Certo dia, caiu-lhe nas mãos um sebento volume de um tal Hans Christian Andersen. Não gostava de contos infantis, mas mesmo assim leu. Leu e sorriu. Pela primeira vez em sua vida, gargalhou alto, leve e solto. Lá estava sua história e seu futuro, traçados pela pena mágica do mágico escritor. Isso explicava sua predileção pelO Lago dos Cisnes, de Tchaikovsky. Eufórico, saiu para passear e admirar a natureza. Tudo parecia haver adquirido uma coloração especial, matizes especiais, sons especiais. O mundo estava mais bonito. Cumprimentou todos por quem passou.

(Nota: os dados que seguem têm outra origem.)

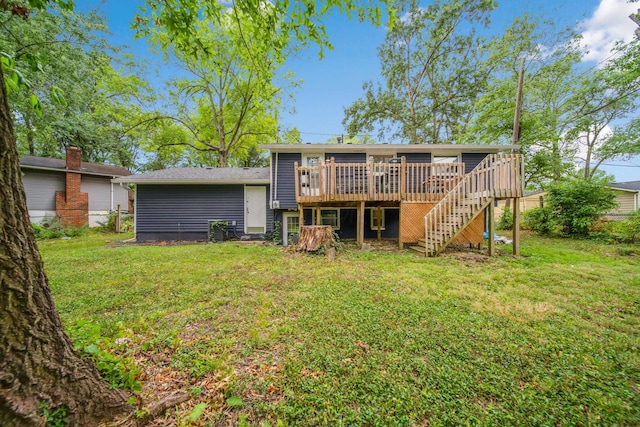 back of property with a lawn and a deck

Atônitos, fitavam-no e comentavam, entredentes: "Terá bebido? Estará louco? Cheirou loló?". "La vita è bella." - pensava Agnelo, imerso até os pêlos em seu êxtase particular.
Entretanto, como outrora dissera um gaiato qualquer, "tudo que é bom dura pouco." Treze minutos e vinte e três segundos. Essa a exata duração do interregno feliz de Agnelo. Vinha chegando a segunda descoberta do dia. Era branca, com pêlos só no alto do cocuruto, bípede, de bermuda azul, tênis Ortopé, camisa de malha branca com estampa do Pica-pau, maior que Agnelo porém menor que o outro da mesma espécie de quem segurava uma das mãos e para quem gritou:
- Olha, pai! Um ornitorrinco!
- Jesus! Que bicho feio! Não chegue perto, filho. Ele pode morder!